No one believes it will be easy to get Israel to the negotiating table, but by showing the world that the other states of the region are serious about getting to work on WMD issues, it makes the position of the United States—that the time is not right for talking about disarmament—increasingly untenable. The elites in nuclear armed states depend on their survival for the obsolete doctrine of nuclear deterrence. For how much longer will they be able to justify the exorbitant amounts of money they spend on them? The whole world is tired of wars and violence. The COVID-19 pandemic has proved once and for all, as if we didn’t already know, that weapons of mass destruction are the wrong answer to the question of achieving peace and ensuring security for humanity.
The countries of the region that are serious about regional peace and prosperity are making progress, and although there are aspects of this conference that could be improved, for instance the participation of women in the room was virtually non-existent, we have to see this conference in a process and not as an isolated event.
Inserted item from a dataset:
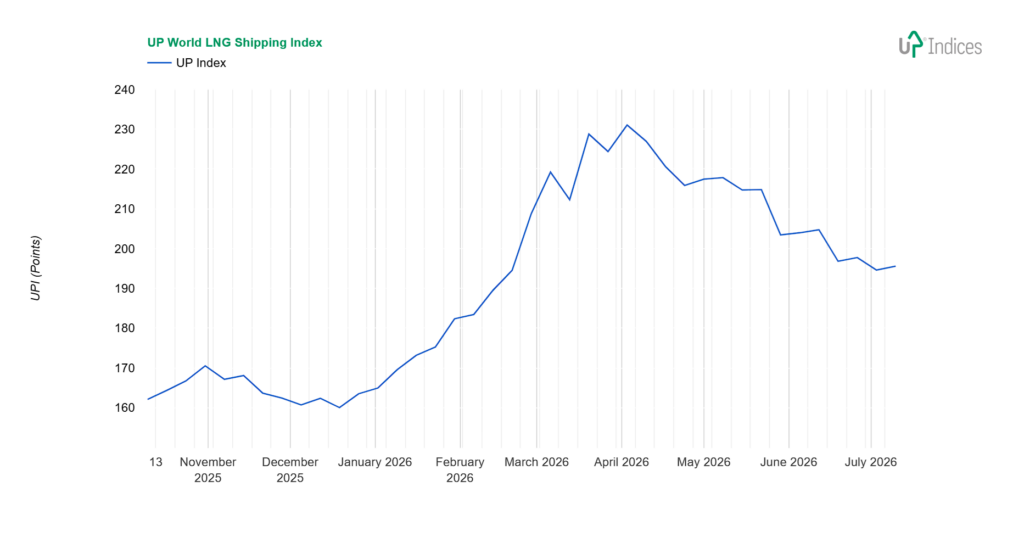 Line chart titled UP World LNG Shipping Index showing a blue line rising from about 160 in Nov 2025 to around 230–240 by Apr 2026, then gradually declining toward mid-2026.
Furthermore, we have to make progress on WMDs because even bigger issues are looming on the horizon that will need our attention if we are to achieve human security for every human being of the region: autonomous weapons and nanotechnology are just two of the issues in the field of war that will rapidly make nuclear weapons look like hand guns in terms of efficiency in winning wars. On top of that, climate change will lead to issues of food, water and energy insecurity, which, if not dealt with equitably, will lead to social unrest that governments of the region will not be remotely capable of dealing with in the absence of regional cooperation across a wide range of issues.
As the next Review Conference of the Nuclear Non-Proliferation Treaty gets ever closer, it is important to recognise that important steps are being taken to eliminate WMDs from the region. We hope that states parties to the NPT welcome the work of the November Conference and do everything in their power to nurture and support it. Constantly blaming the Middle East for failures to agree on outcomes at the NPT will be seen as nothing other than bad faith on behalf of those who choose that course of action.
It is time for such countries to stop blaming others to justify their own failures to meet their disarmament obligations that are enshrined in the NPT and that they worked so hard to bring into existence in the 1960s, the ultimate goal of which—complete global nuclear disarmament—is, today, more important than ever.